Наконец, Онегин, покидая театр во время представления, особенно резко демонстрирует нарушение эстетической условности – внутренней замкнутости художественного времени и пространства. Границы между театром и не-театром, между искусственным и естественным оказываются легкопреодолимыми. Театр еще не превратился в некое мирское святилище, где должны замереть все звуки обыденной жизни и воцариться благоговейная тишина. Жизнь безбоязненно вторгается в театр и плещется по его рядам, захватывая и алтарь – сцену. Весь пафос пушкинского описания – в той легкости и непринужденности, с какой театральный мир (в широком смысле – мир всяческих ролей, в том числе и социальных) выходит из равенства себе и размыкается в неупорядоченную, живую действительность.
Мандельштам исходит из мироощущения другой эпохи – это заметно уже в первой строке. «Летают валькирии, поют смычки» – тут эстетический порядок соблюден в высшей мере. И движения, и звуки – возвышенные, парящие.

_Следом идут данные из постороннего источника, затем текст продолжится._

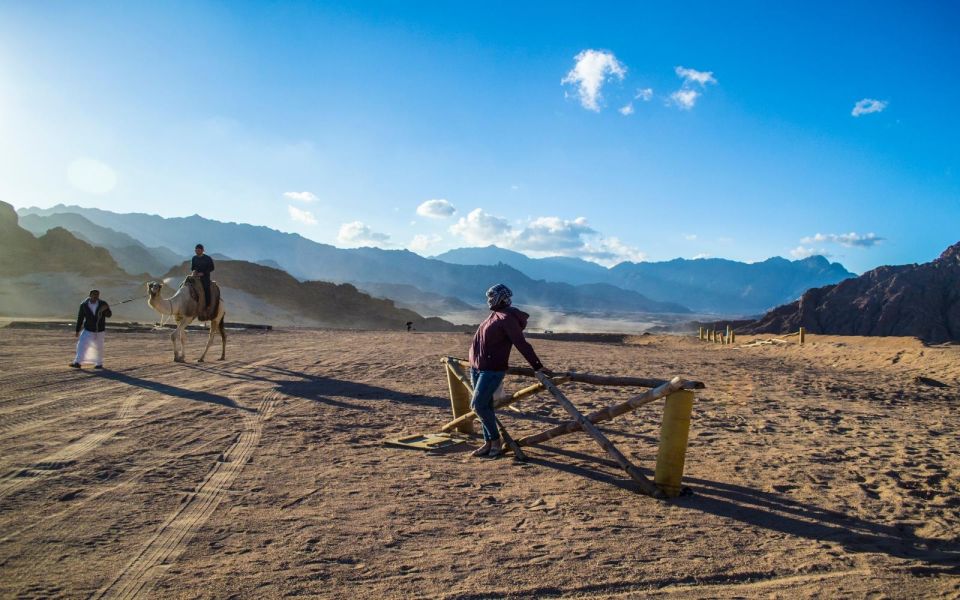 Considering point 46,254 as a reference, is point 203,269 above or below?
below

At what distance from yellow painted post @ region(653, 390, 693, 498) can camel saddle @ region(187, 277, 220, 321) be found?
12.7 meters

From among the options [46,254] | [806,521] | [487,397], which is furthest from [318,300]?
[806,521]

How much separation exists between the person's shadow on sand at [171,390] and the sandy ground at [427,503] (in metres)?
0.11

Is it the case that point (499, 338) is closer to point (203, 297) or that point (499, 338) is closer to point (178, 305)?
point (178, 305)

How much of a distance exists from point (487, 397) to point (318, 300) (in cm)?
5959

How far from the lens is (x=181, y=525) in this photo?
4926mm

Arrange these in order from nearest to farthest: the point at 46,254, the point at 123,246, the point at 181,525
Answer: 1. the point at 181,525
2. the point at 46,254
3. the point at 123,246

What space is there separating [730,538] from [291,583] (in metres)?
3.58

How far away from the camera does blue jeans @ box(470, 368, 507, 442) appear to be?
706cm

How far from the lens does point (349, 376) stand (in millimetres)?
14250

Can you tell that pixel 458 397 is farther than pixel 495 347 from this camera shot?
Yes

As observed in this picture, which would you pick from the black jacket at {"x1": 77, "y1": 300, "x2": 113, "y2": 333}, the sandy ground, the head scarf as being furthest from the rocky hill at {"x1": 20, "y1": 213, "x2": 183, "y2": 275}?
the head scarf

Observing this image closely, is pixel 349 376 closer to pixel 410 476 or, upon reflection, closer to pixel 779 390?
pixel 410 476

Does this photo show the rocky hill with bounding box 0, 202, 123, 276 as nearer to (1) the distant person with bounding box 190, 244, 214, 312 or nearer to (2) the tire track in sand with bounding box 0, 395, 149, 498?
(1) the distant person with bounding box 190, 244, 214, 312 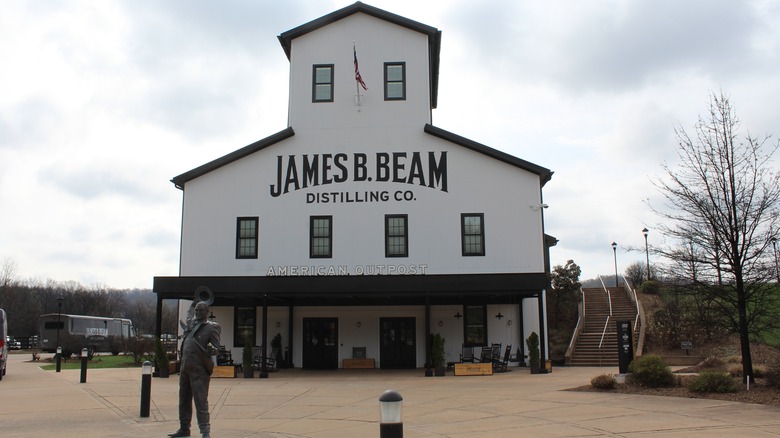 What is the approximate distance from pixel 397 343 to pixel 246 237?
7.39m

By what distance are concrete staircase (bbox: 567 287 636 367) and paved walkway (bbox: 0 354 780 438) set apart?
7.84 m

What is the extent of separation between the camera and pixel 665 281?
16438mm

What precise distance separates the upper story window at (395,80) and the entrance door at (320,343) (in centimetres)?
958

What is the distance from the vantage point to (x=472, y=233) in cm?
2589

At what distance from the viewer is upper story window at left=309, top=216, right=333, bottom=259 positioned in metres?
26.2

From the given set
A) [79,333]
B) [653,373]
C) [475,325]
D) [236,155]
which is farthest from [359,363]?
[79,333]

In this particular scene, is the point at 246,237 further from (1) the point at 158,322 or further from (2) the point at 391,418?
(2) the point at 391,418

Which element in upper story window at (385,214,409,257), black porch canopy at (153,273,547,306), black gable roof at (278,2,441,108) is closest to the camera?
black porch canopy at (153,273,547,306)

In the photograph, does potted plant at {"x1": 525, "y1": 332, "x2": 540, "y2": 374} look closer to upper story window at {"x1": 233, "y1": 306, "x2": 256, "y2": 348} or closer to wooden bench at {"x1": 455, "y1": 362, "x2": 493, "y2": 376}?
wooden bench at {"x1": 455, "y1": 362, "x2": 493, "y2": 376}

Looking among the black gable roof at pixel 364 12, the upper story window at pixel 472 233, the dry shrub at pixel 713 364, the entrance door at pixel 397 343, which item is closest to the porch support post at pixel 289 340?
the entrance door at pixel 397 343

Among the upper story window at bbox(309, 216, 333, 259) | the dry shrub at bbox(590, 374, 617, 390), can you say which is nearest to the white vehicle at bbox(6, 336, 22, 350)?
the upper story window at bbox(309, 216, 333, 259)

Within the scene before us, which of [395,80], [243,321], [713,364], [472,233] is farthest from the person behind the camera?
[395,80]

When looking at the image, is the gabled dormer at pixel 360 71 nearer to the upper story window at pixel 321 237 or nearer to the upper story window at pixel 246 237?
the upper story window at pixel 321 237

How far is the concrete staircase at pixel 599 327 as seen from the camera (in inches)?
1064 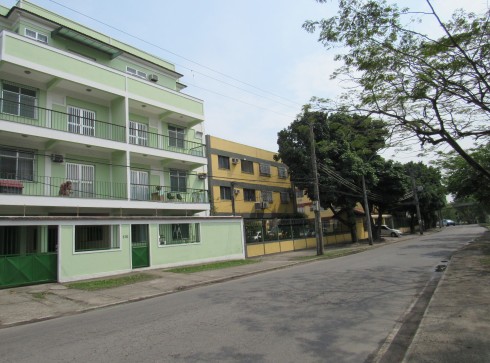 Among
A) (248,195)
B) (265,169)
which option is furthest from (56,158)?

Соответственно в зале – столь же приподнятая атмосфера. Из всех возможных зрительских реакций, перечисленных у Пушкина, Мандельштам оставляет только последнюю, выражающую прямое одобрение, соучастие в эстетической условности. Причем там, где у Пушкина непринужденно-бытовое «хлопать», у Мандельштама высокоторжественное «рукоплескать» (соотношение примерно такое же, как между «скакать» и «летать»). Знаменательно и то, что если у Пушкина топают, хлопают, сморкаются в непосредственной близости от сцены, в партере, то у Мандельштама рукоплескание раздается из самого далекого, периферийного уголка, с райка (галерки). У Пушкина на самой сцене – бытовая непринужденность, у Мандельштама даже в райке – театральная экзальтация.

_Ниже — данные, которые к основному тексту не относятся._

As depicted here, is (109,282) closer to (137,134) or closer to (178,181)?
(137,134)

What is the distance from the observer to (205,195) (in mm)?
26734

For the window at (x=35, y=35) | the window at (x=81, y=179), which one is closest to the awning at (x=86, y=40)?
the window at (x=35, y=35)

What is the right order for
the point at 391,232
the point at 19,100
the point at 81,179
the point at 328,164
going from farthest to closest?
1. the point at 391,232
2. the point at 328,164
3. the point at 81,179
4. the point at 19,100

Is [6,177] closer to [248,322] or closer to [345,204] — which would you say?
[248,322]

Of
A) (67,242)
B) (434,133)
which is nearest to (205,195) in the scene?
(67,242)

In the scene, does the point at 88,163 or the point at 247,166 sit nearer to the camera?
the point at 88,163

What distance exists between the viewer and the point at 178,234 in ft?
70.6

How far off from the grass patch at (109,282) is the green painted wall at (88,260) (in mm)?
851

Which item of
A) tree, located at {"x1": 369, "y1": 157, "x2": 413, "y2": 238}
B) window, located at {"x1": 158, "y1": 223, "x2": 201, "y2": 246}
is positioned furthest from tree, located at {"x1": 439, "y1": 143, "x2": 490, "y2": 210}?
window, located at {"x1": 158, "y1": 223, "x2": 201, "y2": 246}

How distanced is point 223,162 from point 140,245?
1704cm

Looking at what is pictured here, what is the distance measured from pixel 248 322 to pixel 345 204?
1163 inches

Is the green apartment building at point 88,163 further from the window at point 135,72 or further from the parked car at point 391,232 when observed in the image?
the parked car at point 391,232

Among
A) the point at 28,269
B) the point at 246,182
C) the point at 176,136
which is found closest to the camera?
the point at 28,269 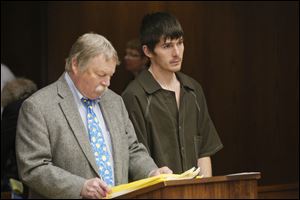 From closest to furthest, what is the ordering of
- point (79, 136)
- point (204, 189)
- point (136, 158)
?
1. point (204, 189)
2. point (79, 136)
3. point (136, 158)

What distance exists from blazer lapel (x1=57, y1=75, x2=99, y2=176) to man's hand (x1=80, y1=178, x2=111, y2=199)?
0.63ft

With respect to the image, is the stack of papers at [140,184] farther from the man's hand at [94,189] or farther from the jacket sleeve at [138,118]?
the jacket sleeve at [138,118]

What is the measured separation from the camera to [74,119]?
12.9 ft

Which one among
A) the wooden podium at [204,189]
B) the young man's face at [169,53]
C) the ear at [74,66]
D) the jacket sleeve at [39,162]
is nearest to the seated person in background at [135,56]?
the young man's face at [169,53]

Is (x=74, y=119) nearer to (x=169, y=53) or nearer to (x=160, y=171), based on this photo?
(x=160, y=171)

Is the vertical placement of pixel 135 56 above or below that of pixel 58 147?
above

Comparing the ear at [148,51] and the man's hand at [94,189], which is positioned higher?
the ear at [148,51]

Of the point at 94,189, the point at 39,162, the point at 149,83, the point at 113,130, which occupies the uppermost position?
the point at 149,83

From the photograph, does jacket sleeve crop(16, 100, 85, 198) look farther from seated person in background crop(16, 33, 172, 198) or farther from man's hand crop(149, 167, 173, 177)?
man's hand crop(149, 167, 173, 177)

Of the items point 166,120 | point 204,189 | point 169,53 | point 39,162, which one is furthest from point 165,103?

Напряженность «ролевого» поведения пронизывает все вокруг, захватывая не только исполнителей, зрителей, но и их слуг. Гайдуки, в отличие от пушкинских утомленных лакеев, исправно несут свою службу, в ожидании господ стоят наготове с шубами, а не спят на них. Да и сама фигура гайдука колоритна, не в пример простому лакею: рослый, осанистый молодец в венгерской или казачьей одежде – чем не театральный статист? Гайдук – лакей парадный, декоративный. Стоит на мраморной лестнице, держит тяжелую шубу; во всех вещах подчеркнута высшая степень качества, доходящая до роскоши, изысканности, – чем не театральный реквизит? Театр выходит за пределы зрительного зала: все эти гайдуки, мраморные лестницы, тяжелые шубы – как бы продолжение сцены. Будничное возводится в ранг искусства. Даже извозчики, которые у Пушкина «бранят господ и бьют в ладони», у Мандельштама «пляшут вокруг костров», то есть включаются в сценическое действо, – их захватывает кружение валькирий.
53
Приоритет в сопоставлении этих двух текстов принадлежит Левинской О. Л., которой автор глубоко благодарен за возможность воспользоваться рядом ее ценных наблюдений (затем самостоятельно обобщенных в ее курсовой работе «Театр в поэзии Мандельштама». Филфак МГУ, 1977 г.).
54
Действие балета «Хензи и Тао», впечатление от которого отразилось в XXII строфе, происходит в Китае. См.: Слонимский Ю. Балетные строки Пушкина. Л., 1974. С. 79–87.